James Faulkner on Molins: a smoking opportunity?

4 mins. to read

There are certainly more interesting companies out there than Molins, which makes machinery for the tobacco industry. But this is certainly not a business that is about to go up in smoke. In fact, Molins might just be about to light up. The US Government is tightening regulations for tobacco smoke – and Molins just so happens to produce the instruments that do the testing, too.  

With a two-thirds market share, Molins is well positioned to harvest this upside. The investment case is topped off by strong tangible asset backing and an undemanding valuation. The recent strength of sterling is taking its toll, but this may provide an attractive entry point for new investors.

Reassuringly old…

Molins (MLIN) is reassuringly old. With its beginnings as a cigar and cigarette maker in Havana in the late 19th century, it moved to London at the turn of the century to make packaging for various products such as tea and tobacco – in the process being credited for inventing the hinge-lid cigarette package that was so instrumental in the success of the Marlboro brand. These days, the group continues to be involved in supplying machinery, related support services and systems, principally to the consumer goods sectors, including tobacco, food and other high volume products. Its exposure to areas of the economy which have very low price elasticity of demand makes it a rather defensive play – some would say boring, but therein lies the opportunity.

Molins is organised into three separate divisions: Packaging Machinery, Tobacco Machinery and Scientific Services. The first two divisions represent the cash-generating core of the business and together account for around three quarters of total sales; the latter meanwhile represents a nascent growth opportunity for Molins, and it is this division that I wish to talk about here.

The Scientific Services division comprises Arista Laboratories, based in Richmond, Virginia, an independent tobacco and cigarette smoke constituent testing laboratory for regulatory, research and product development purposes; and Cerulean, the market-leading supplier of quality control instruments and analytical smoke constituent capture machinery to the tobacco industry, as well as other instruments and machinery to other industrial sectors. Cerulean is based in Milton Keynes, with sales and service offices in a number of key locations that support the needs of its global customer base. With a 50-60% market share Cerulean is the world number 1, and stands to benefit greatly from a more rigorous tobacco testing regime in the US.

Tobacco/smoke testing: a potential $100 million market…

In March 2012, the US Food and Drug Administration (FDA) instructed all US tobacco companies to test their cigarettes against 20 harmful compounds, which significantly increased the regulatory burden for the industry. While 4 of the top 5 manufacturers have decided to conduct this analysis in-house, many of the smaller cigarette makers lack the economies of scale to do so and have instead opted to outsource the work to third party specialists, such as Molins’ Arista Laboratories. However, there could be much, much more to play for.

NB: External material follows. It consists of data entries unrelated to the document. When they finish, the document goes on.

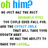 Green and blue pixelated text 'oh hlm' appears above a grid of gray, green, and blue pixel blocks on a white background.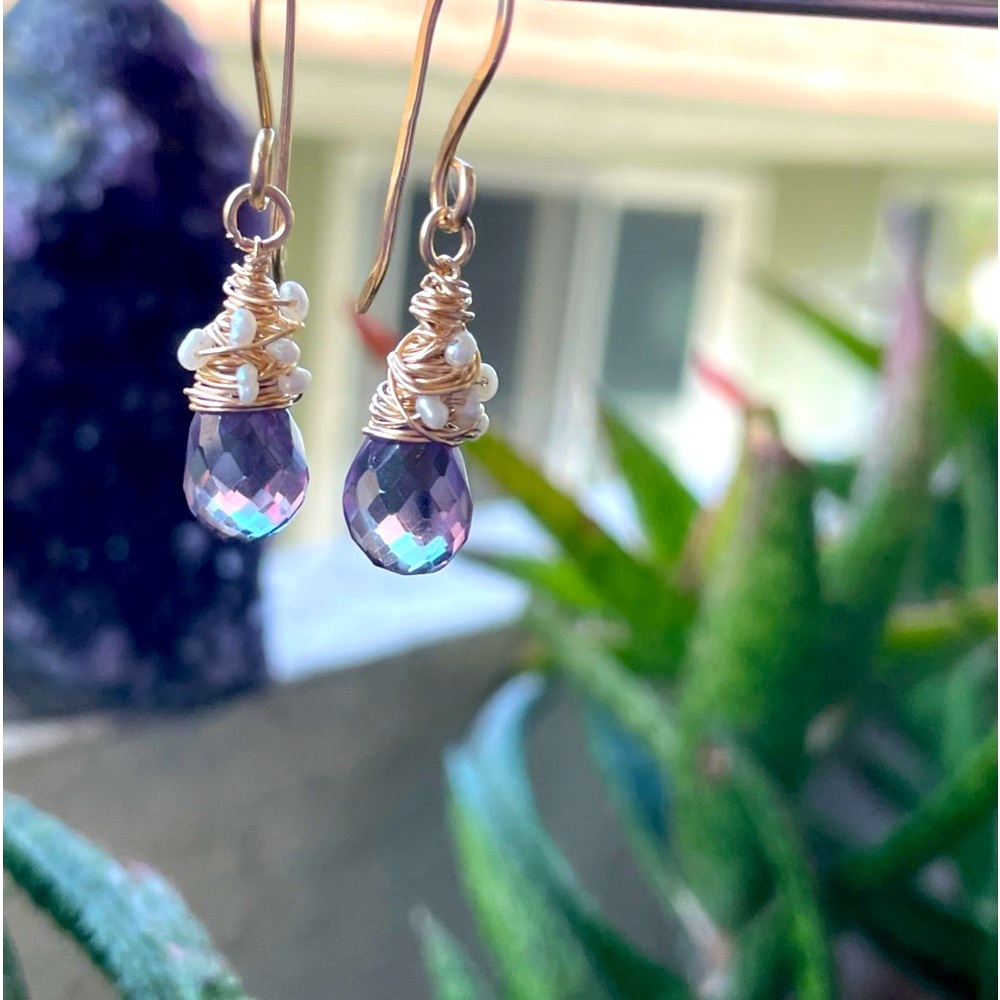 Alexandrite Crystals And Pearls Artisan Earrings 14K Gold Filled - Picture 9 of 16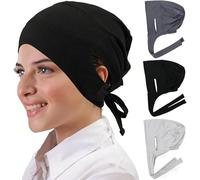 3 Pcs Women Hijab Undercap with Ears Holes & Tie Back Closure Strectchy Islamic Muslim Headwear Inner Under Scarf Hat Solid Underscarf Hijab Cap Turban Head Wraps for Women Chemo Sleep Cap (Style-2)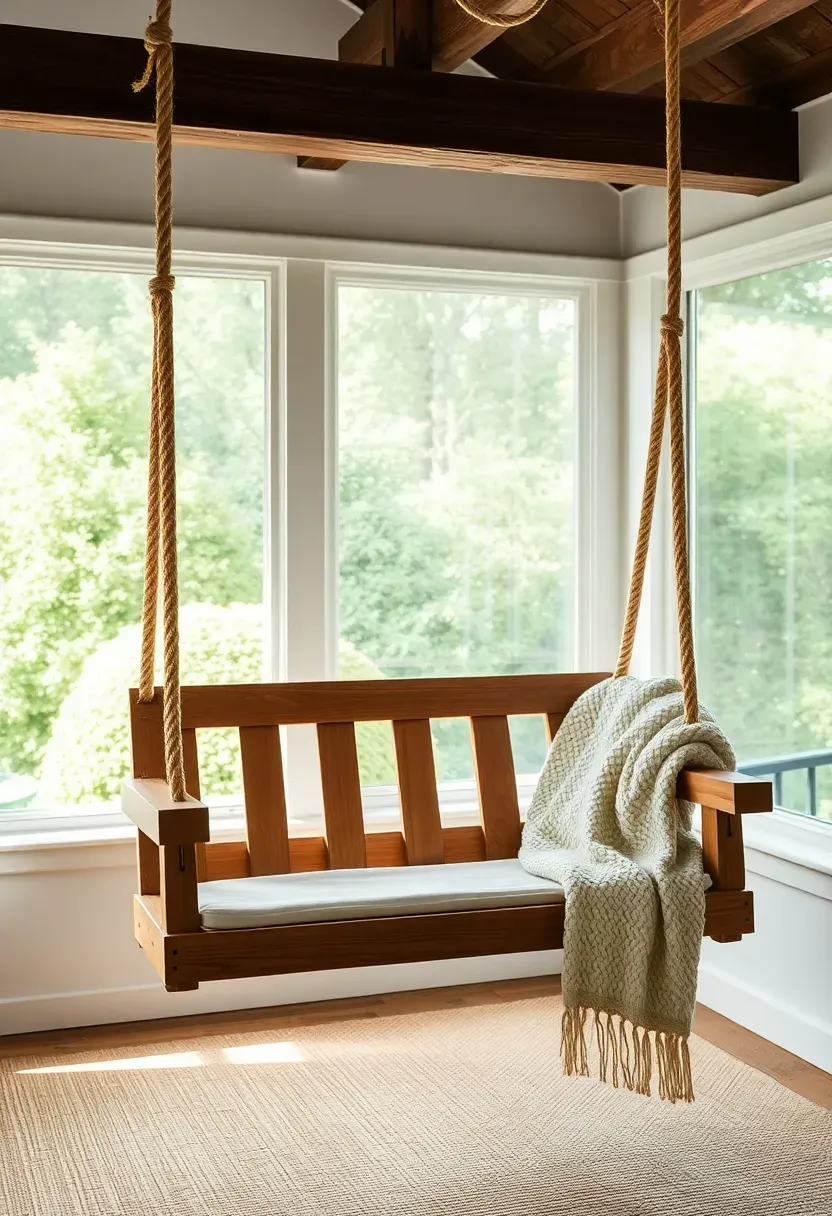 Wooden farmhouse porch swing hanging from rope in a sunroom corner with linen cushions, a knit throw, and bright garden windows behind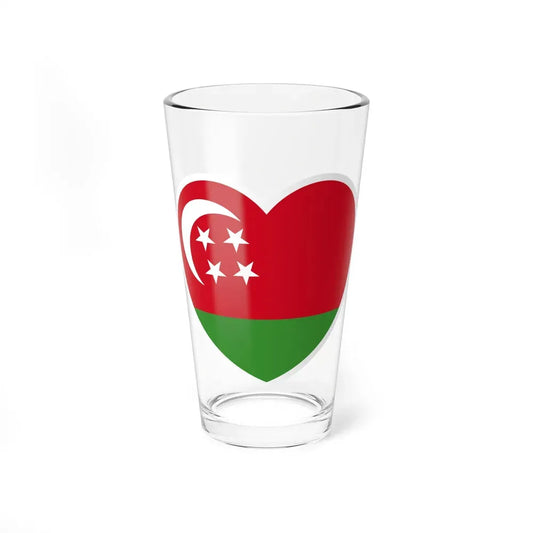 Heart Flag of Comoros 1975-1978 - Pint Glass 16oz 16oz - Go Mug Yourself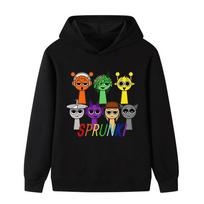 B1052 Kids Boys Girls Sprunki Print Regular Long Sleeves Hoodie 130cm juoda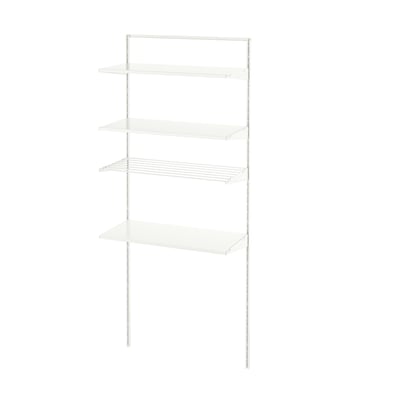 White BOAXEL wall shelf, metal & wood. Four-tier storage, modern minimalist design.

In the coming months, the FDA is widely anticipated to decide to extend the testing regime from the current 20 compounds to include more constituents from the entire list of 93 harmful (and potentially harmful) chemicals covered in the legislation. Significantly for Molins, this could force the larger manufacturers to out-source part of their testing requirements. Although this opportunity is currently at a very early stage, research house Equity Development reckons the US market could alone be worth c.$100 million per annum within five years. Where the US leads, the rest of the world usually follows suit, so it is not unreasonable to assume that other jurisdictions would subsequently implement similar measures and further extend the market opportunity for Molins.


Recent trading…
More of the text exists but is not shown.